■ **Instructions to follow**:
Once you find the line with "Hangzhou: Lingyin Temple, West", transcribe it and all the lines that follow to the end of the data, exactly as written; skip any pictures.

[Records shown]

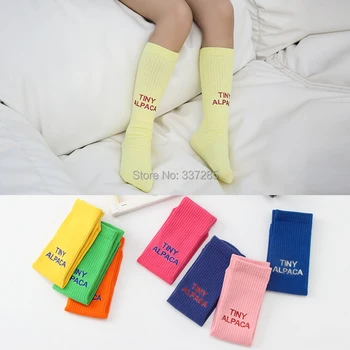  Хлопковые чулки для младенцев и мальчиков ярких цветов, модные длинные высокие носки в полоску, теплые носки с надписью для девочек
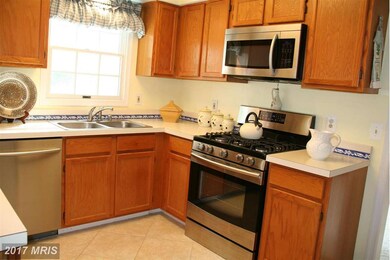 11207 Minstrel Tune Dr, Germantown, MD 20876 - photo 5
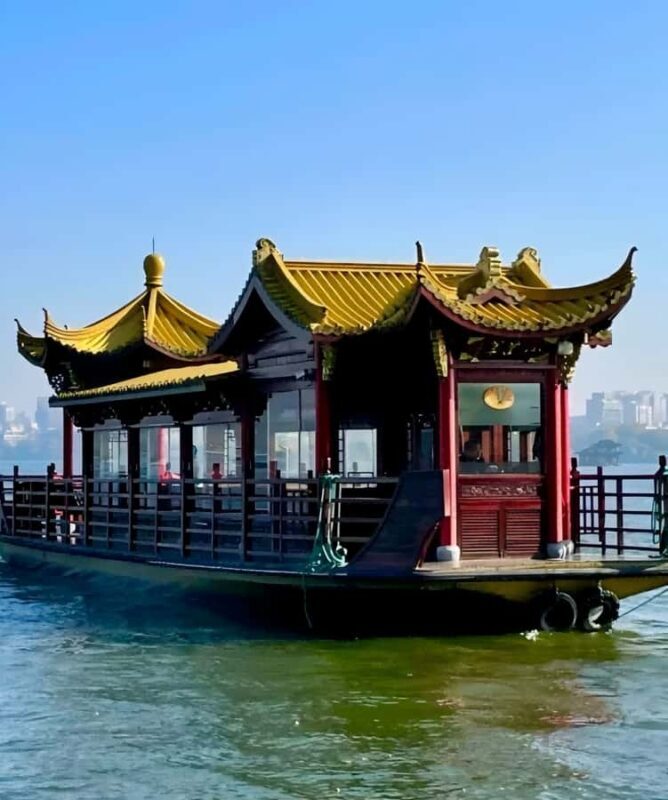 Hangzhou: Lingyin Temple, West Lake & Xiaohe Block - The Value of a Private Guided Experience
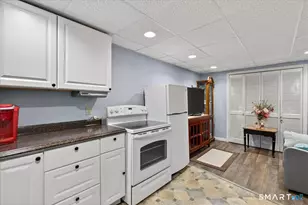 68 Lynn Dr, Meriden, CT 06451 - Photo 21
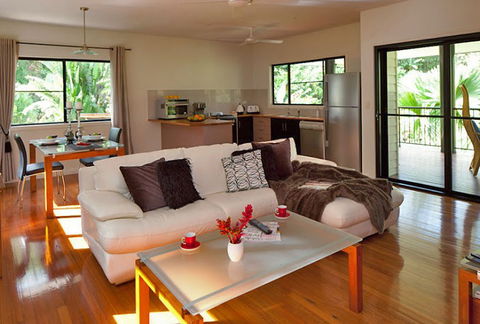 Misty Mountains Tropical Rainforest Romantic Retreat - Brisbane Tourism 0
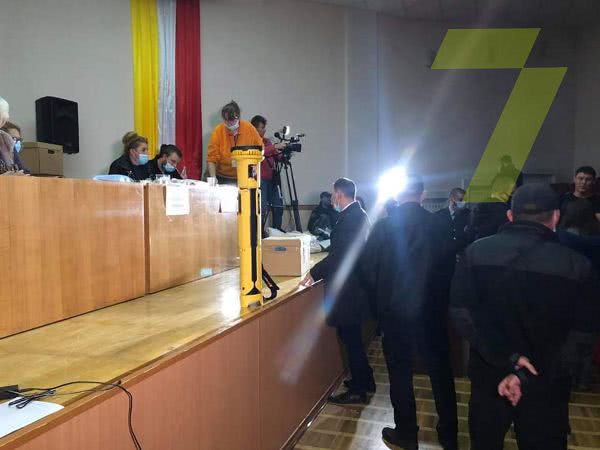 Ночной скандал в Суворовской ТИК: требуют пересчета голосов на выборах в горсовет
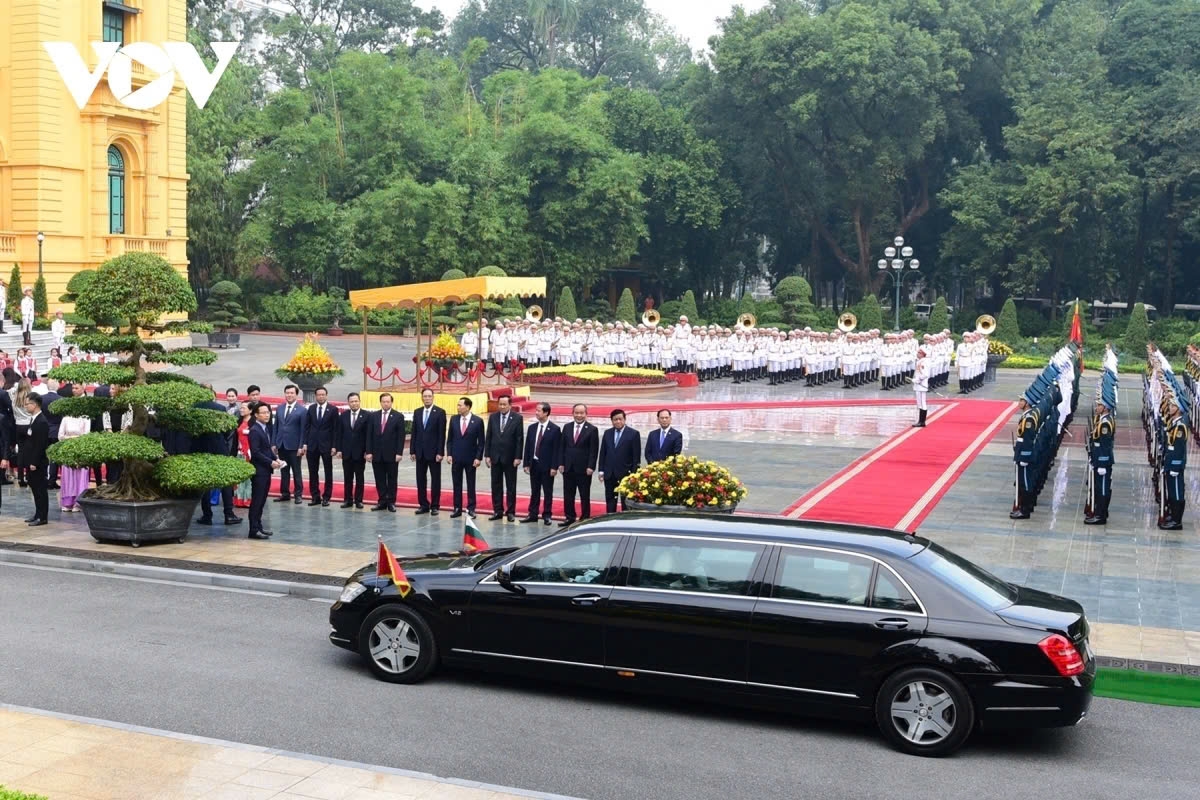 bulgarian president rumen radev warmly welcomed in hanoi on official visit picture 3 bulgarian president rumen radev warmly welcomed in hanoi on official visit picture 3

[/Records shown]

■ **Response area**:
 Hangzhou: Lingyin Temple, West Lake & Xiaohe Block - The Value of a Private Guided Experience
 68 Lynn Dr, Meriden, CT 06451 - Photo 21
 Misty Mountains Tropical Rainforest Romantic Retreat - Brisbane Tourism 0
 Ночной скандал в Суворовской ТИК: требуют пересчета голосов на выборах в горсовет
 bulgarian president rumen radev warmly welcomed in hanoi on official visit picture 3 bulgarian president rumen radev warmly welcomed in hanoi on official visit picture 3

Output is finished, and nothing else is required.